Les résultats de la présente recherche sont exposés sous la forme d’interventions d’une enseignante, observées, analysées et classées. Nous en présentons seulement quelques-unes. L’extrait choisi provient d’un échange dans une équipe d’élèves de 5e secondaire formée d’un garçon et de trois filles. Voici le contexte du roman Héloïse, d’Anne Hébert, qui motive leur discussion, transcrite dans le Tableau 2. À Paris, vers 1970, deux jeunes, Bernard et Christine, s’aiment sans faire encore vie commune. Ils prennent le métro ensemble, mais Christine doit partir la première pour aller chez elle. Bernard entend chanter une voix féminine. Il distingue les paroles, qui parlent d’une femme qu’on n’attendait pas et qui sort de l’ombre. Le métro tombe en panne et c’est le noir.
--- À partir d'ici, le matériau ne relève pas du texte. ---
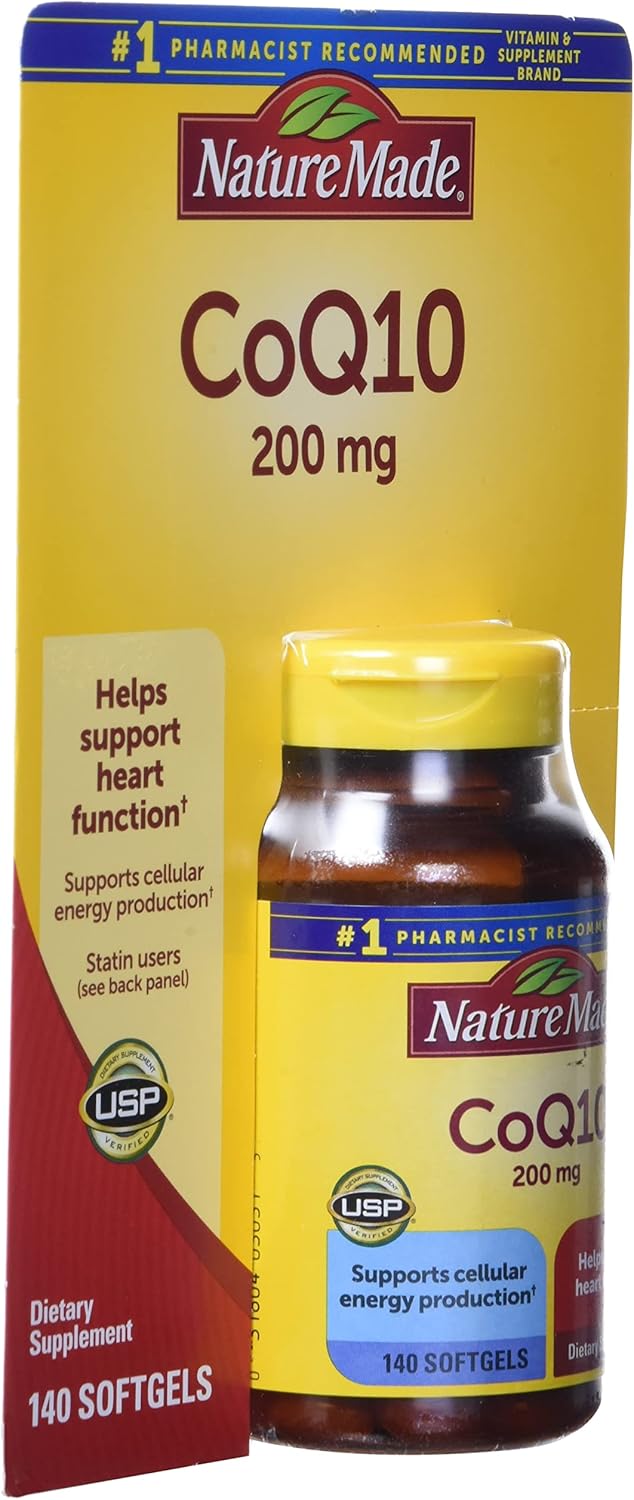 Nature Made CoQ10, Softgels Helps Supports Heart Function & Cellular Energy Production, Unflavored, 200 mg, 140 Count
Lorsque l’éclairage revient, une jeune femme «incroyablement belle et pâle» se tient devant lui et «l’observe avec insistance» (Hébert 1980 : 21).
L’échange se résume à la confirmation d’une hypothèse du garçon qui soutient, à l’encontre des filles de son équipe, que la chanson d’Héloïse évoque le chant envoutant d’une sirène, et à la confirmation partielle d’une autre hypothèse, soit qu’Héloïse contrôle Bernard.
L’analyse et le classement des interventions des enseignantes ont été effectués de manière inductive. Une première répartition est réalisée selon que l’intervention porte principalement sur les données tirées du texte littéraire ou qu’elle porte en priorité sur le travail de l’équipe. En nous inspirant de Tambone & Mercier (2003), nous désignons la première catégorie d’interventions comme à dominante didactique et la seconde, comme à dominante pédagogique. Dans l’extrait choisi, la première intervention de l’enseignante, une paraphrase à fonction phatique, ne sert pas à commenter le sens des propos répétés, mais à confirmer l’établissement du contact langagier avec l’équipe. Il s’agit donc d’une intervention à caractère principalement pédagogique, même si la base de l’entente correspond à un évènement du texte littéraire. Ce type d’intervention est classé dans la catégorie «Discussion avec l’équipe5». De même, les deux interventions suivantes consistent en deux validations, celle d’une inférence narrative et celle d’un stéréotype. Bien que ces deux éléments soient des contenus didactiques, l’opération qui prédomine est la validation; l’enseignante ne développe pas un propos personnel sur ces sujets, elle se borne à indiquer que ce qu’en disent les élèves est juste. En fait, ce sont les élèves qui exposent leur compréhension du texte. Les interventions se situent donc surtout sur le plan pédagogique et elles se classent cette fois dans la catégorie de l’Évaluation des résultats, elle-même une sous-catégorie de l’Évaluation de l’équipe.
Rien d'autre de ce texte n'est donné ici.